University of California pays $1 million ransom after the Cyber Attack

The University of California, San Francisco (UCSF), has confirmed that it has paid a total of  $ 1.14 million (£ 925,000) to criminals behind a cyber attack on its School of Medicine.

Cyber Attack and Coronaviurs – NetWalker Ransomware

On June 1, the hackers behind the NetWalker ransomware campaign attacked the UCSF network in the School of Medicine IT.  It is grateful that the treatment of COVID-19 did not impact either patient care delivery operations or research work; the data was successfully encrypted on a limited number of servers according to a UCSF statement.

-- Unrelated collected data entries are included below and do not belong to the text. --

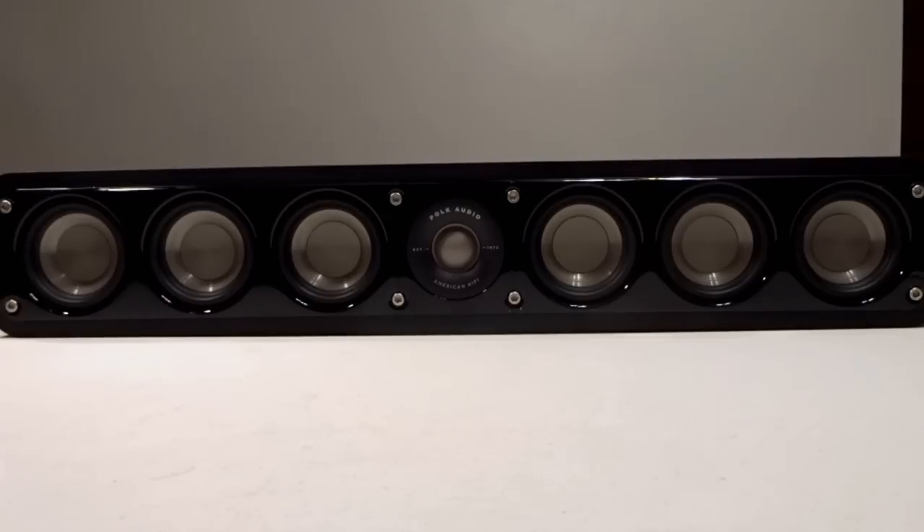So if you're looking for a low-profile center channel speaker around the $300 price range, I definitely recommend this speaker. Thank you very much for watching my video on the Polk Audio S35 center channel speaker — have a fantastic day.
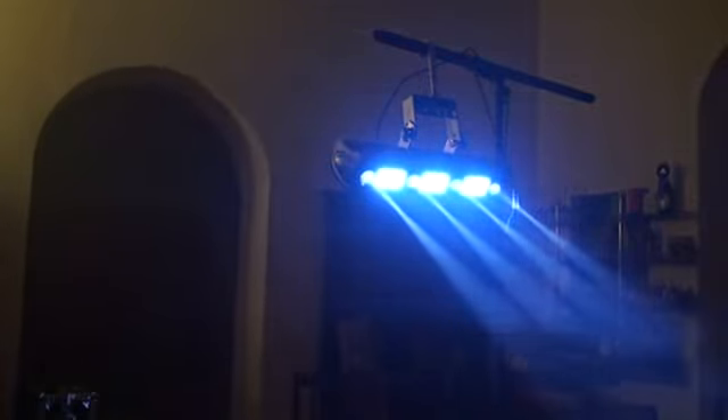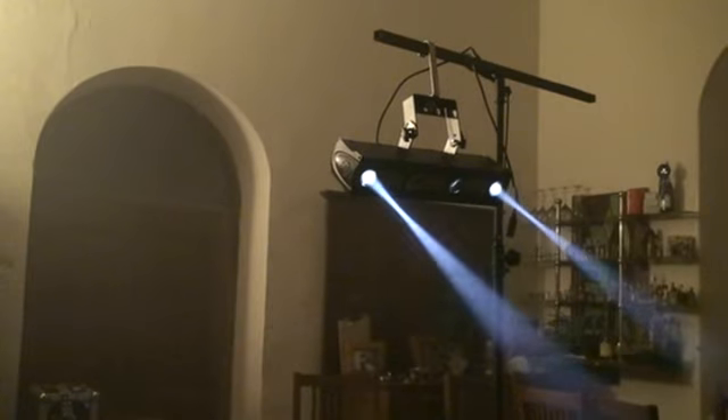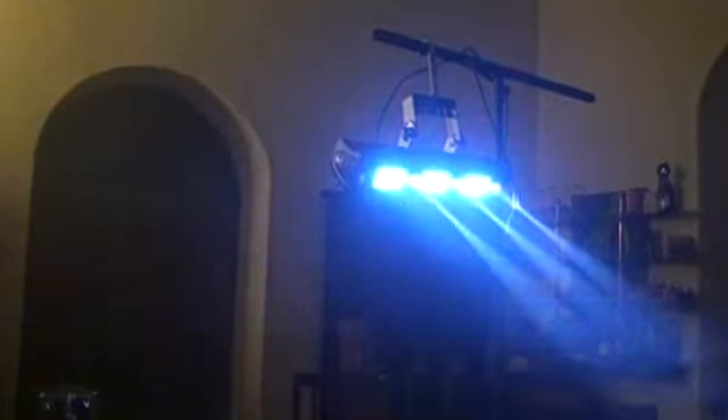At the moment it's on sound to light, but it will run Master Slave and DMX as well. Just to prove a point — right now it's just flashing, but if I start to stamp on the ground, just take a look. That gives you a general idea of what to expect, say if you've got the beat of the music going.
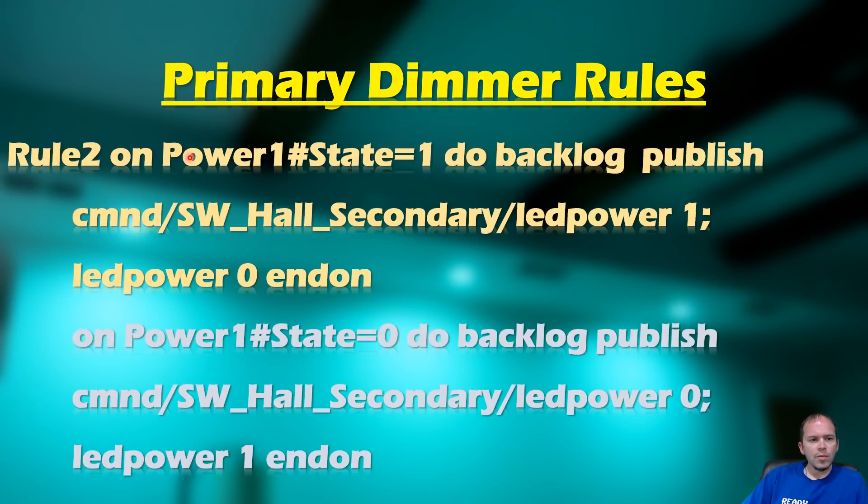For Rule 2, we monitor the power state of the dimmer itself. When power one state is 1 — meaning the dimmer turns on — we send an MQTT message to the secondary switch to turn its LED power on. This keeps the LED power lights in sync, even when the dimmer is turned on from the other side. We also change the state of the LED on the dimmer itself. Conversely, when the dimmer turns off (state 0), we send the same MQTT message with a value of zero to turn the LED off, and update the dimmer's LED state as well.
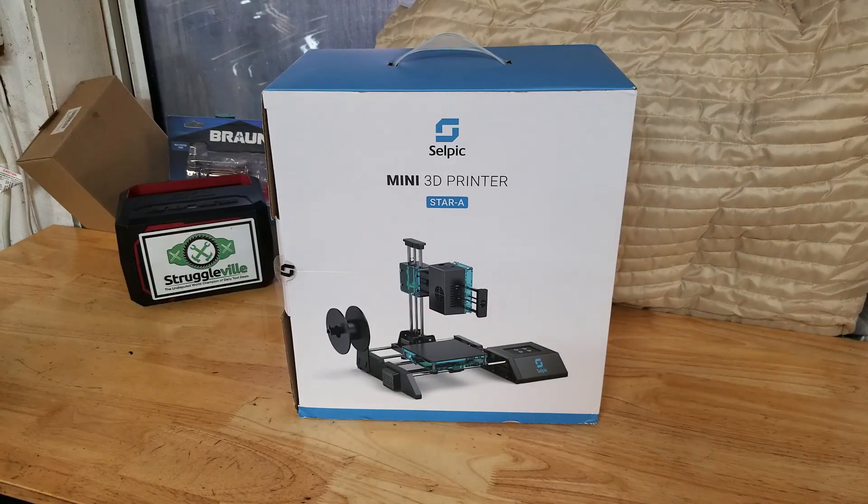Hey guys, welcome back to Struggleville YouTube channel. For this video, Monica and I are going to take a look at this Selpic mini 3D printer, the Star A. Now Selpic was nice enough to send me this item for free so I could do a video showing it to you. There will be a link down below if after watching this video you decide this is something for you.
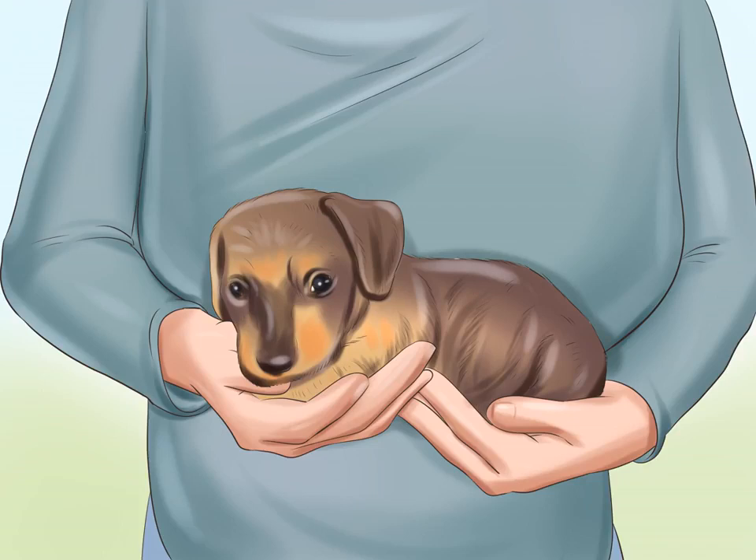Learn how to hold your dachshund properly, as this will also help protect his back. To hold your dachshund, support his rear end with one hand and place another hand under his belly to support his back. You may want to practice with something light before you hold your dachshund. Never hold your dachshund with one hand only or by the paws or head.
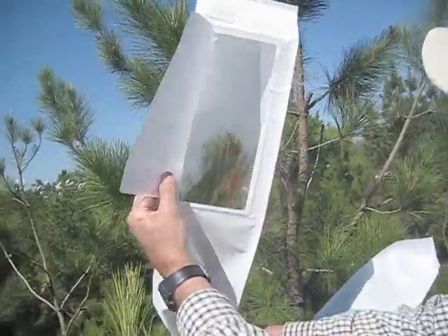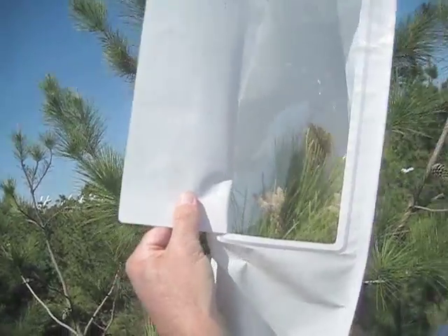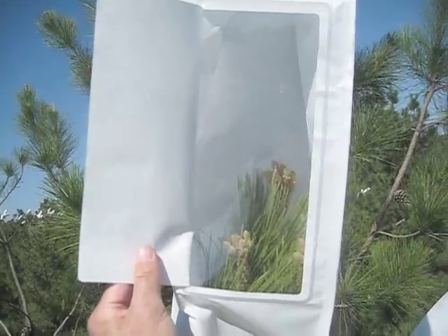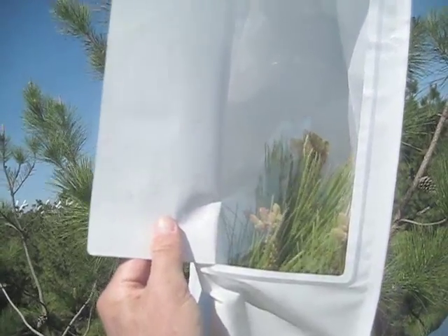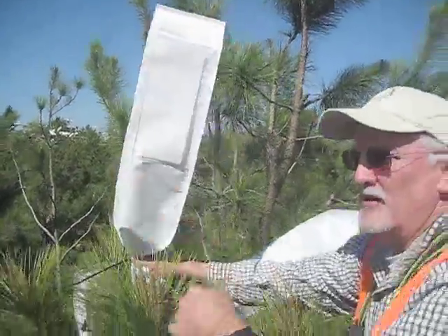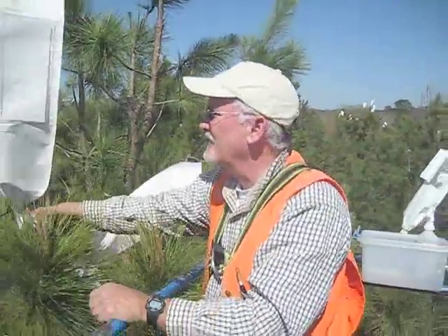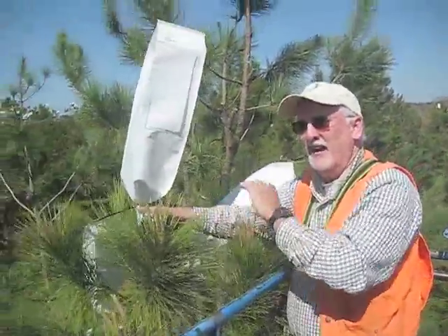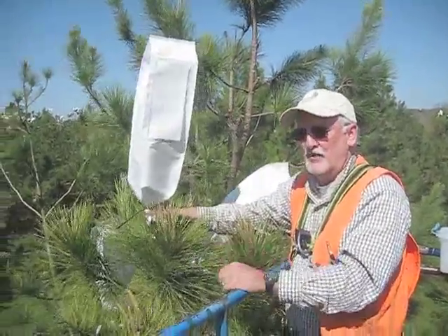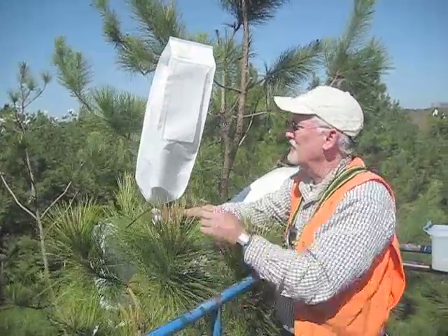You can see there the strobili that have been pollinated. These are about ideal for pollination — stage four, late stage four, early stage five. We will come back probably in a couple weeks, maybe 10 days, to remove this bag. And then 18 months from now, the cones will be mature and we'll be harvesting this control cross.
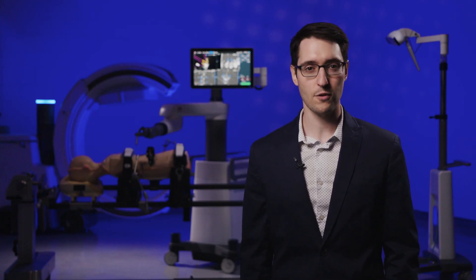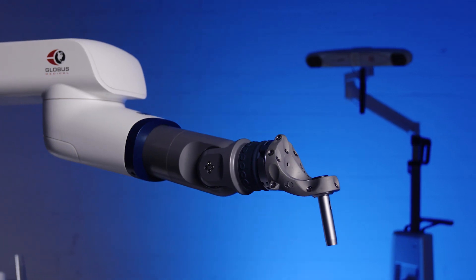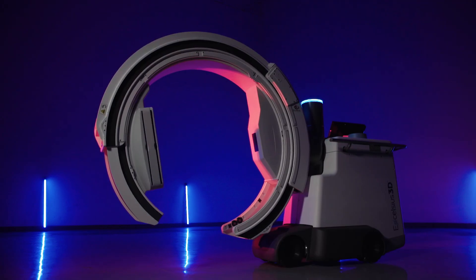Excelsius Prone Lateral combines the most advanced technologies into one surgical solution in order to provide excellent stability, minimize surgeon fatigue, and maximize operational efficiencies. Today we'll be focusing on the main components of this solution including the prone lateral patient positioning system, Excelsius GPS robotic navigation platform, expandable interbody spacer technology, and Excelsius 3D.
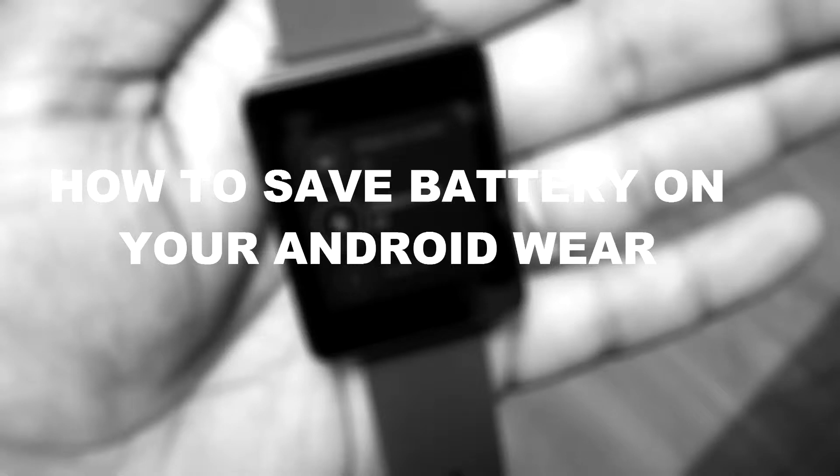Hey folks, Parshish here for Wearable Sarvina. Today we are going to talk about some battery saving tips on your Android Wear powered smartwatch. What actually takes up your battery on Android Wear? Three things: vibration — when a notification shows up on your phone it comes to your Android Wear and vibrates; second, the display — every time your watch turns on battery is consumed; and lastly, the continuous Bluetooth connection. Your watch is always connected to your phone, and Bluetooth 4.0 still takes energy over 24 hours.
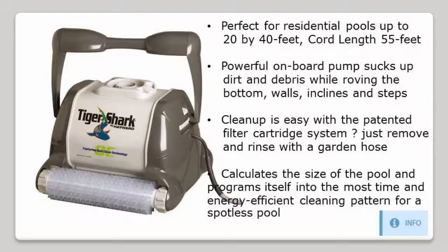It calculates the size of the pool and programs itself into the most time and energy efficient cleaning pattern for a spotless pool.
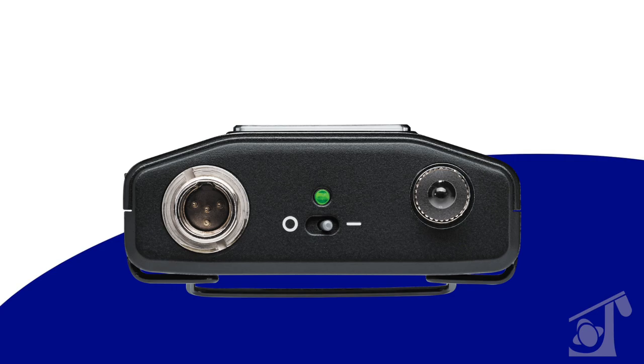Regarding the microphone input on the AD1: Shure standard, we're going to use a TA-4 style connector that is compatible with all Shure lavaliers and headsets, and we also offer a 3-pin Limo option as well.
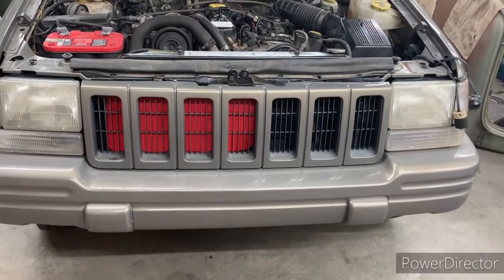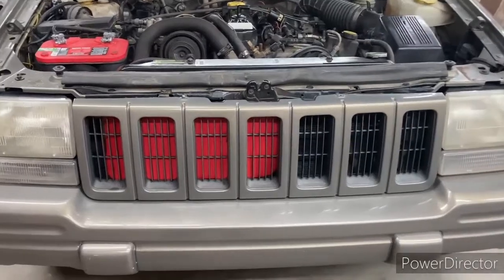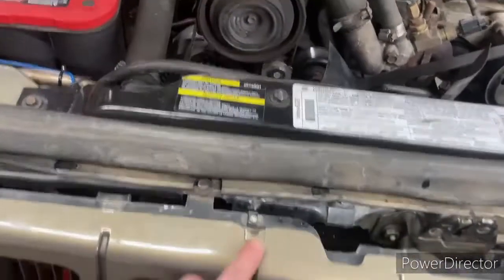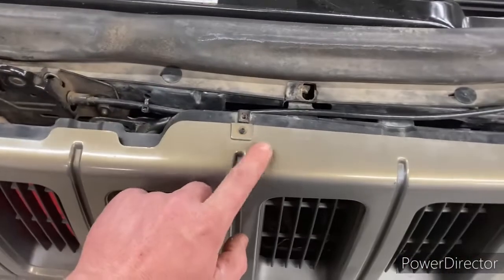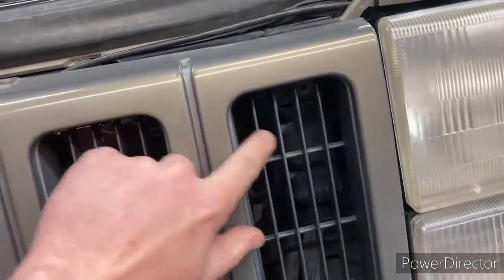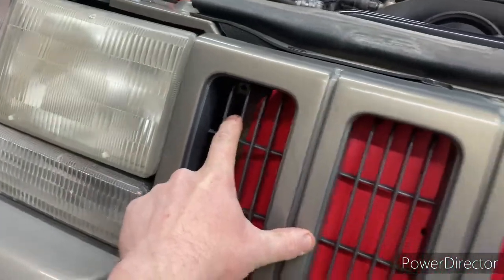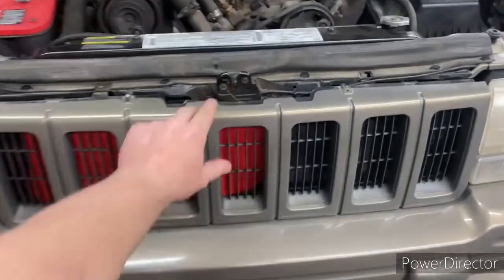I've got a quick tip for the Jeeps here on making a winter front for the winter. If you come in here, there's just going to be four screws that hold on the grill. That one's busted. We've got two on the top — one there, one there — and two in the front — one here, one here. You take those four screws out of there, and then this is just going to pop right out.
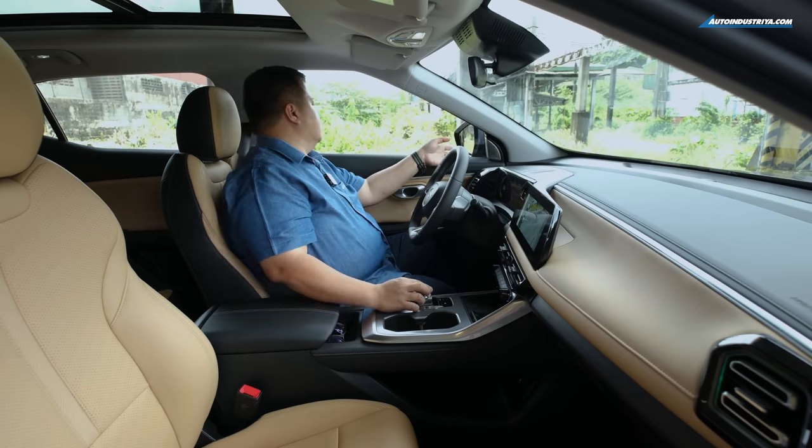The ride actually turned out very nice. It's not going to be as comfortable as some others like the Honda HR-V, but compared to the Coolray it's right up there, which is already saying a lot. The Coolray has been our benchmark for this segment for almost four years now since its Philippine launch in September 2019. Based on everything we're experiencing, this is the new hotness.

The encrypted data is essential to some of the academic work they adopt as a university for the betterment of the public. However, no one has thought that any patient records were exposed by the Netwalker cyber attack.

UCSF said in exchange for a tool to unlock, the person behind malware attack asked for some amount of ransom, which was a difficult decision to pay so that the attackers will encrypt data and return the data they obtained.

It is a warning to everyone about the danger created by the Netwalker ransomware threat since March 5, 2020. This ransomware is not the same as other operators. During the COVID-19 epidemic, this particular group of cybercriminals has not declared a cease-fire against medical targets. Ransomware is targeting updated windows for ten systems.

On March 12, NetWalker hackers were reported to have taken the Champaign Urbana Public Health District (CHUPD) website in Illinois offline. The educational facilities are also in the crosshairs for the Networker gang, and if they can combine health and education, it is better.

As per the report, the hackers were initially been seeking a ransom of $3 million but were negotiated by a UCSF representative. According to the BBC report, the UCSF spokesman said that it would be a mistake to assume that everything in the negotiated statements was factually correct.


“One of the most fascinating parts of this work is understanding the whole picture, but we also need to think of solutions for fixing it.”

Palvi Tynninen

It is shocking to hear that ransoms are still needed to be paid to decrypt encrypted data. Ransomware operators such as Maze and Revil have a fully dynamic game in play that steals data before encrypting the server and use publishing or sales threats as leverage in ransom negotiations.

Earlier, the theft and publication of data, was seen with the Revil operators demanding $42 million for reveling “Dirty laundry” which was related to President Trump, can still play a role in UCSF paying a ransom.

UCSF has stated that COVID-19 research was not affected by ransomware. However, the UCSF is restricted in the information that it can share about the cyber attack itself, while the investigation continues in collaboration with law enforcement.


It is difficult to deny that not only did the attackers succeed in establishing a foothold on the School of Medicine network, but also a backup of encrypted data was not available. If this is the case, Thornton-Trump says, there will be a question to ask “why the authorities are willing to pay a $1 million ransom to cybercriminals, but not willing to pay a fraction of that to enforce or maintain backups?”

It is always better to prevent and protect rather than to pay, but it is a fierce sentiment to swallow once it happens, by paying these criminals it only prevents the further rounds of attacks not for the whole life, these attackers will come back and continues the cycle of this frustrating malware.

Photo by Ilya Pavlov on Unsplash

Charu Bhatia is currently pursuing PGDM in International business, her article as "Young Entrepreneur" was published in Afsti Magazine. She has worked with as a content writer. Her hobby is to make chocolates and she loves to read Quotes and Fiction stories.

She admires one quote a lot that says
“You can always edit a bad page. You can’t edit a blank page.”